Pictures are to be left out; otherwise, copy exactly the lines from the line containing "Alcatel Carrier Internetworking" through the end of the data.
╭─ Data supplied
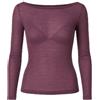 JADEA Cashmere Manica Lunga Scollo A Barca 4064 (IT, Testo, L, Regular, Regular, Mosto)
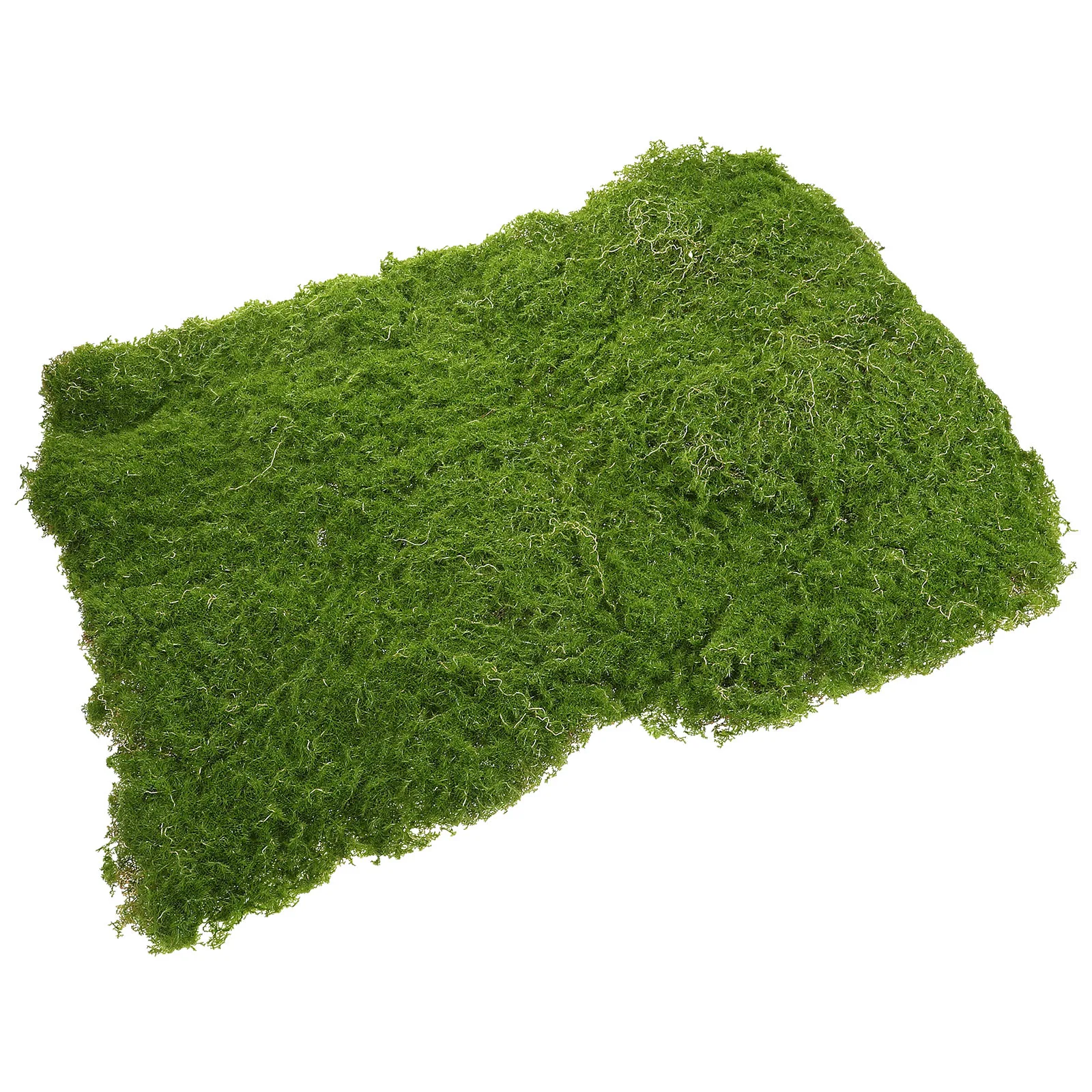 Simulated Moss Artificial Turf Decor for Sand Table DIY Craft Green Turf Mat Fake Lawn Adorn Cuttable Landscape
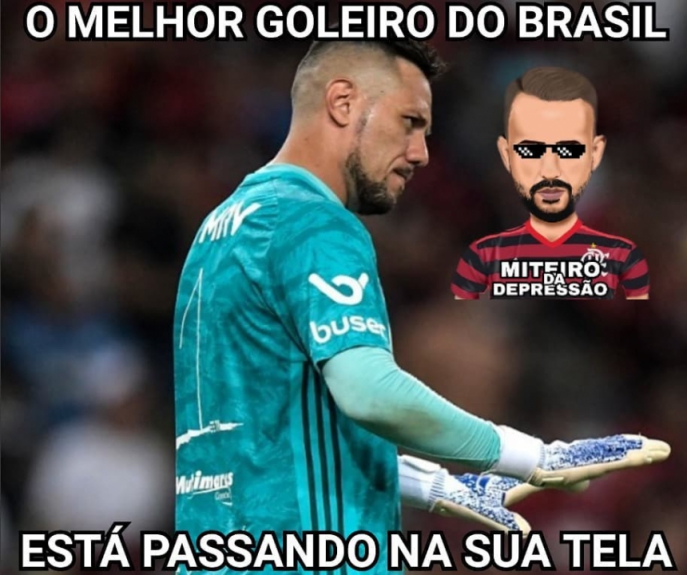 Brasileirão: os memes de Athletico-PR 0 x 2 Flamengo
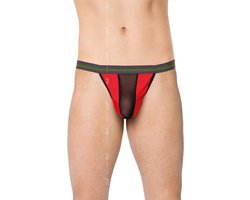 SoftLine Collection - Sexy heren string - rood One size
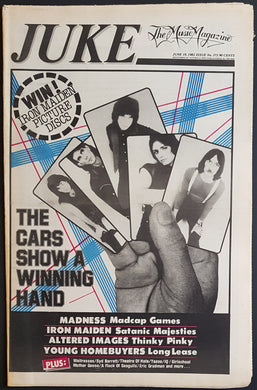Cars - Juke June 19 1982. Issue No.373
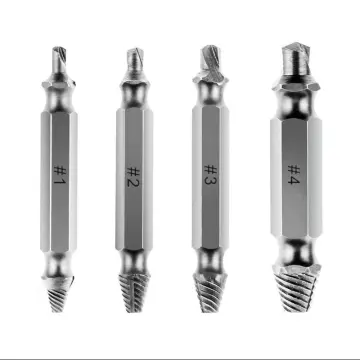 Speed Out Damaged Screw Extractor and Drill Bits Tool Set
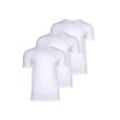 T-Shirt BOSS "T-Shirt T-ShirtVN 3P Classic 3er Pack", Herren, Gr. M, weiß, Obermaterial: 100% Baumwolle CO., Kurzarm, Shirts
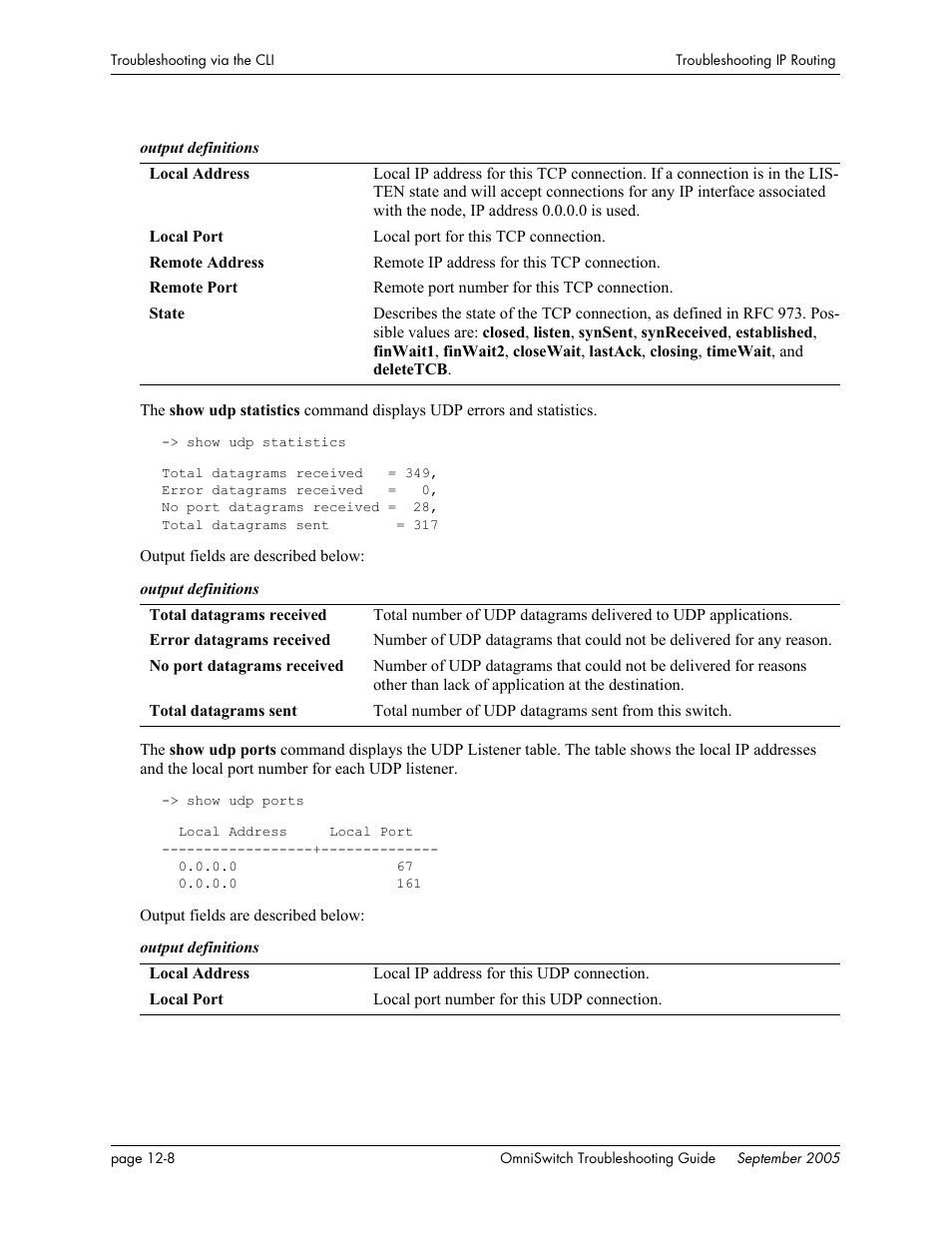 Alcatel Carrier Internetworking Solutions 6648 User Manual | Page 184 / 614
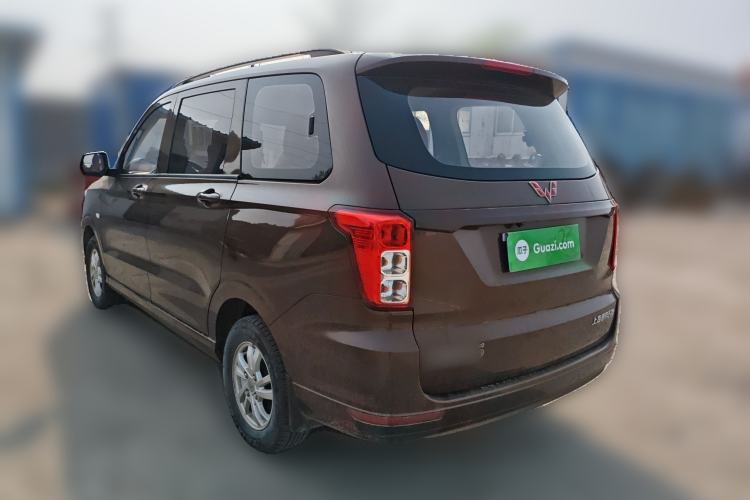 Used Wuling Hongguang 2018 1.5L S Standard Version L2B Rear Left 45 Deg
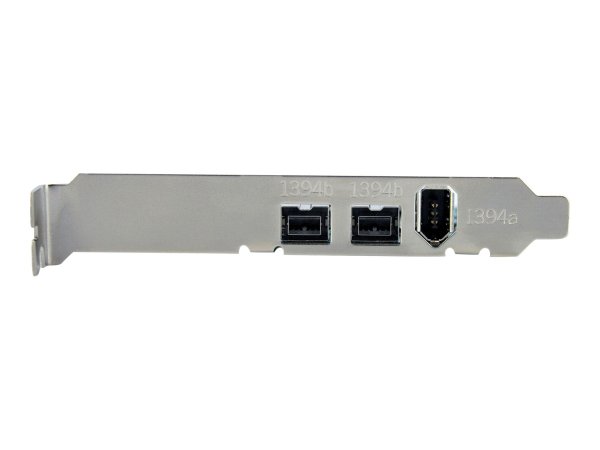 StarTech.com Scheda adattatore PCI Express FireWire 2b 1a 1394 a 3 porte - PCIe - Firewire 800 / 400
╰─
Response to this task.
 Alcatel Carrier Internetworking Solutions 6648 User Manual | Page 184 / 614
 Used Wuling Hongguang 2018 1.5L S Standard Version L2B Rear Left 45 Deg
 StarTech.com Scheda adattatore PCI Express FireWire 2b 1a 1394 a 3 porte - PCIe - Firewire 800 / 400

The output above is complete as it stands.